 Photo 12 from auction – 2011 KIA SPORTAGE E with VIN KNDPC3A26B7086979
...
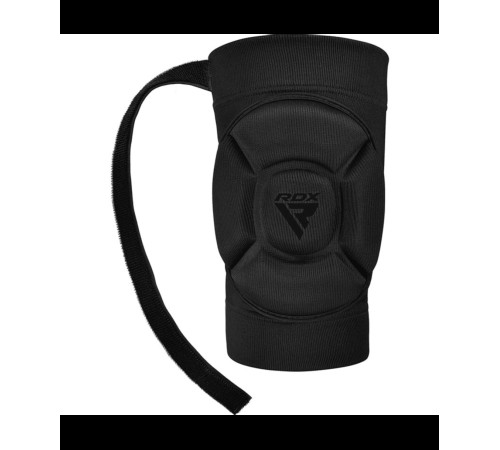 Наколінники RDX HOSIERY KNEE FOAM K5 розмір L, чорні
==
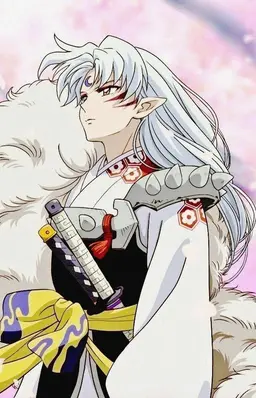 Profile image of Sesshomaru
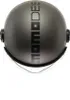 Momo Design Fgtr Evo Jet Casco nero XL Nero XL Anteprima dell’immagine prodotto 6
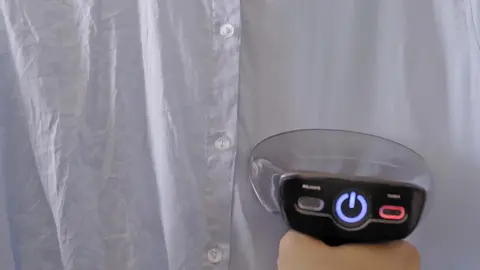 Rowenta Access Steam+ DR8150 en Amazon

▶ [Directions for this task]: The answer should consist only of the lines above from the one with "Profile image of Sesshomaru" through the one with "Rowenta Access Steam+ DR8150 en Amazon", repeated exactly, with no pictures among them.

▶ [Written reply]:
 Profile image of Sesshomaru
 Momo Design Fgtr Evo Jet Casco nero XL Nero XL Anteprima dell’immagine prodotto 6
 Rowenta Access Steam+ DR8150 en Amazon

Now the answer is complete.